General Tso was a Chinese General way back in the day. We're not here to read about him... or his chicken. Today we’re going to discuss General Tso's Shrimp. Yes, that's right, shrimp. It's yummy, believe me, and yes, it also causes the same painful side effects that the chicken does.
As we all may or may not know, General Tso's Chicken became the main stable of Chinese-American cuisine soon after its introduction in the 1970's. It can be assumed then, that the shrimp variant was introduced soon after the chicken's ungodly, yet well deserved, success story. the shrimp also looks and tastes just like the chicken, except its shrimp, not chicken. Understand?

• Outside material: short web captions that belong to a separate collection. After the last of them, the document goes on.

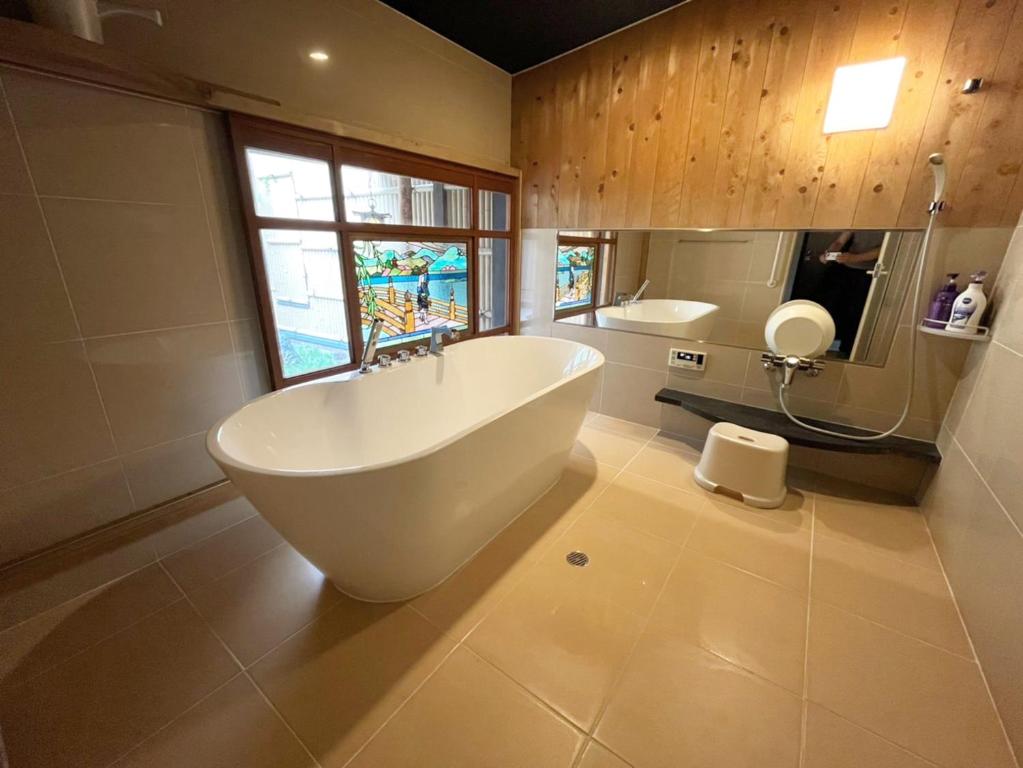 a bathroom with a large tub and a window at Takeya Kitano Honkan in Kyoto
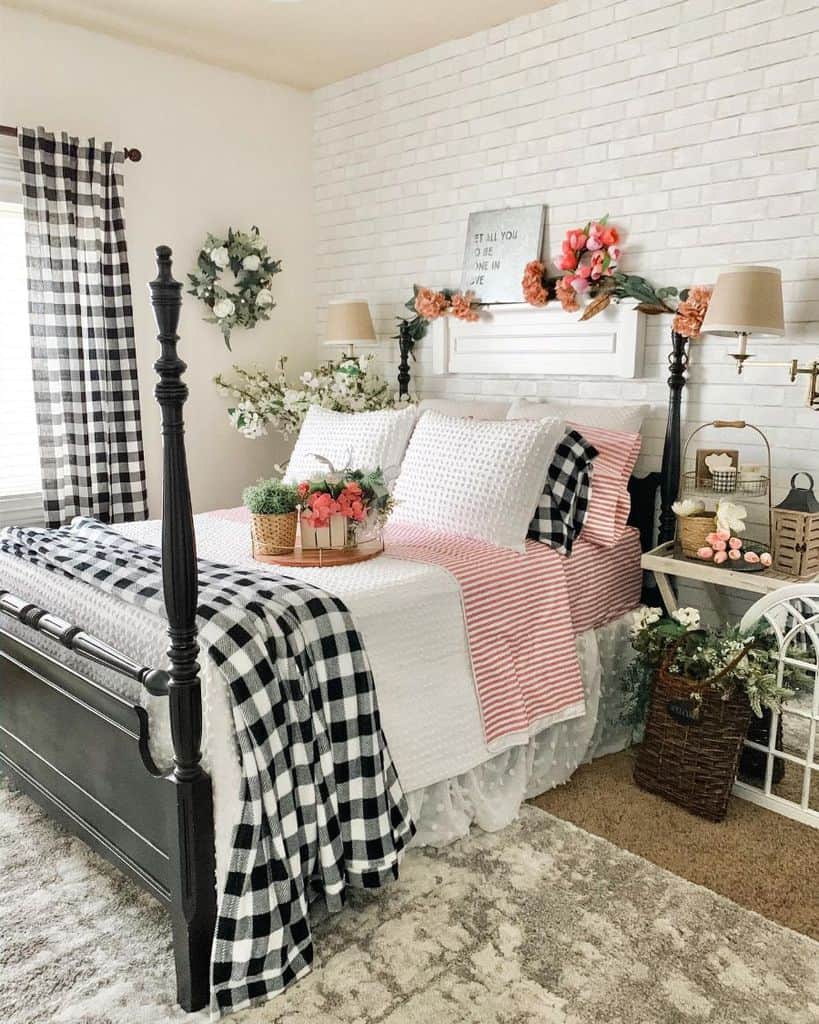 Country-style bedroom with four-poster bed, plaid accents, and floral decorations.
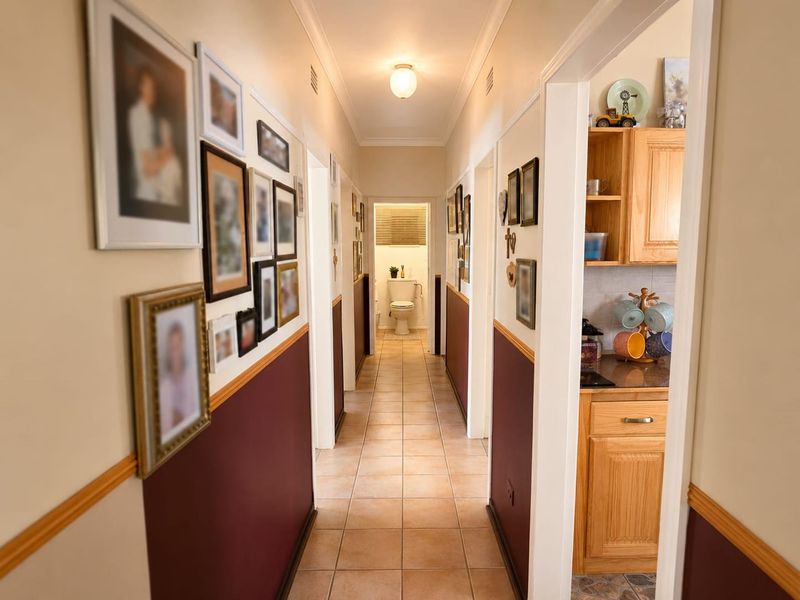 A well-lit hallway featuring tiled flooring, dado rails, and coving, providing access to multiple rooms including a bathroom at the end.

General Tso's Shrimp can be purchased at upscale Chinese Restraunts or the better take out places. Would you want to trust the shrimp from that shady place on the corner anyway? I don't care if José the Chinese Chef is also your pharmicist, it's not a good place to buy quality food. No, not even if they have the best cocaine fried rice in town.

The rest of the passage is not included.